BEGIN DATA FOR PROCESSING

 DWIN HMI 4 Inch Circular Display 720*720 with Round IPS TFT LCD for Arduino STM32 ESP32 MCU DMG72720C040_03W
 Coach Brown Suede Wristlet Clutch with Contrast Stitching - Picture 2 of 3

END DATA FOR PROCESSING
BEGIN DATA FOR PROCESSING

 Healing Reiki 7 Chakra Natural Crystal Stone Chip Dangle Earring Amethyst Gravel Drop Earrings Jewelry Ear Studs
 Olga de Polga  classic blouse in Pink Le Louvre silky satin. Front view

END DATA FOR PROCESSING
BEGIN DATA FOR PROCESSING

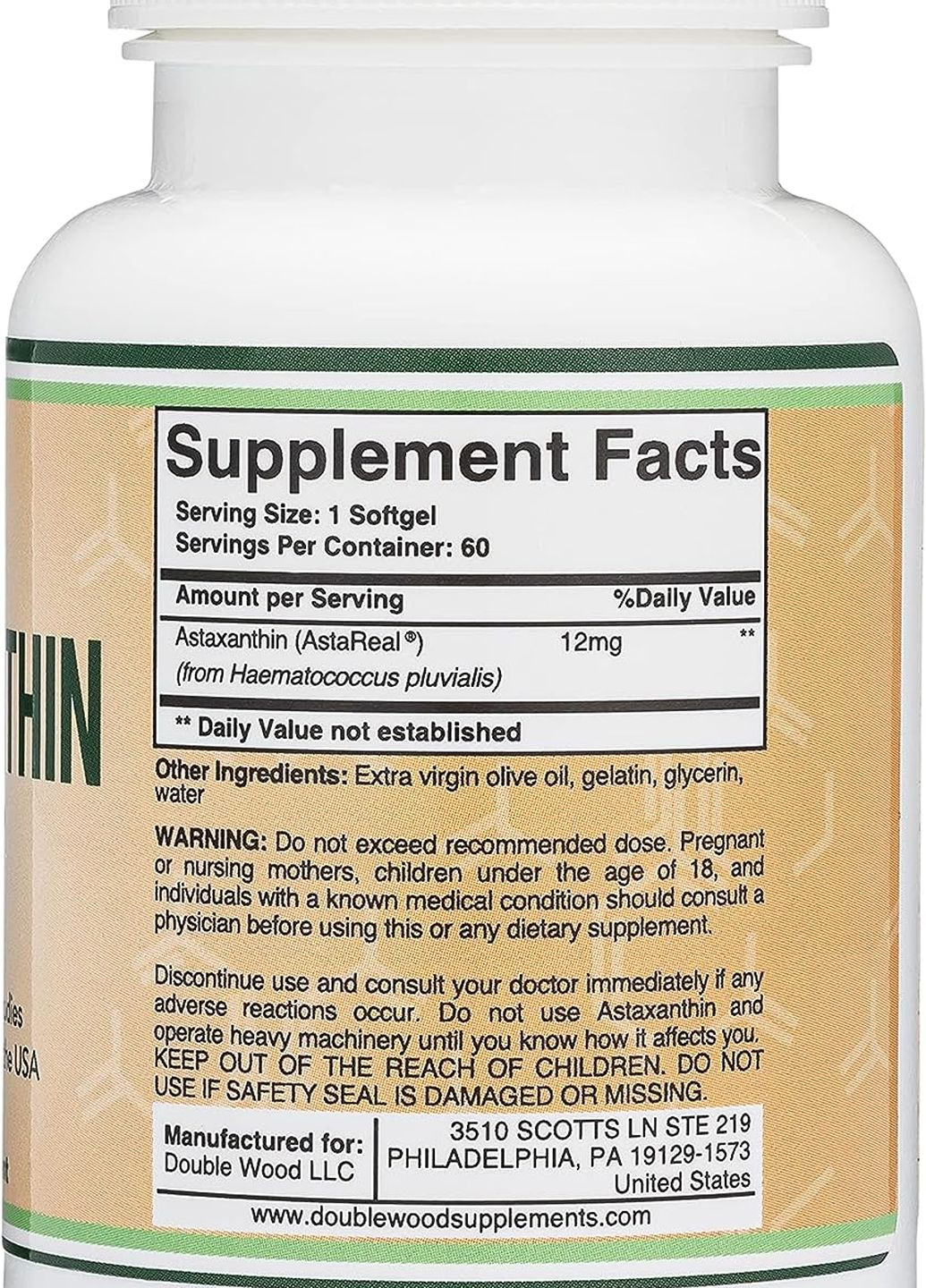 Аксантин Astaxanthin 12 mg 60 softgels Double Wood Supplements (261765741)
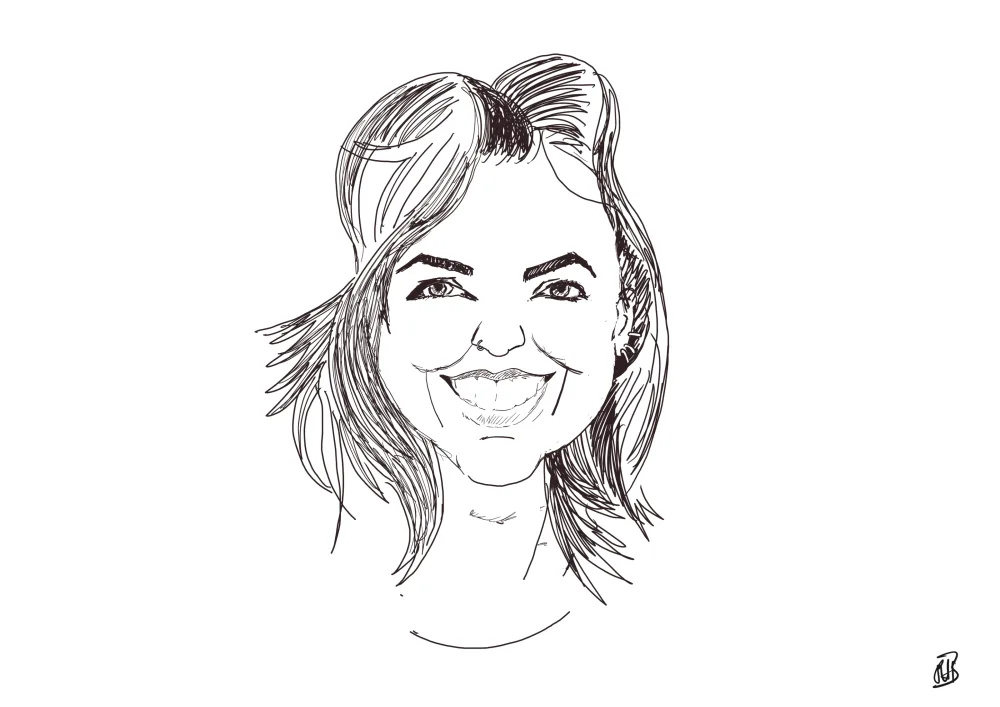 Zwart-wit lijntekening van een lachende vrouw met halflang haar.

END DATA FOR PROCESSING

WHAT THE TASK REQUIRES: Above are some records; quote exactly and only the lines that begin at the line containing "Аксантин Astaxanthin 12" and stop after the line containing "Zwart-wit lijntekening van", leaving out the pictures.

ANSWER AREA:
 Аксантин Astaxanthin 12 mg 60 softgels Double Wood Supplements (261765741)
 Zwart-wit lijntekening van een lachende vrouw met halflang haar.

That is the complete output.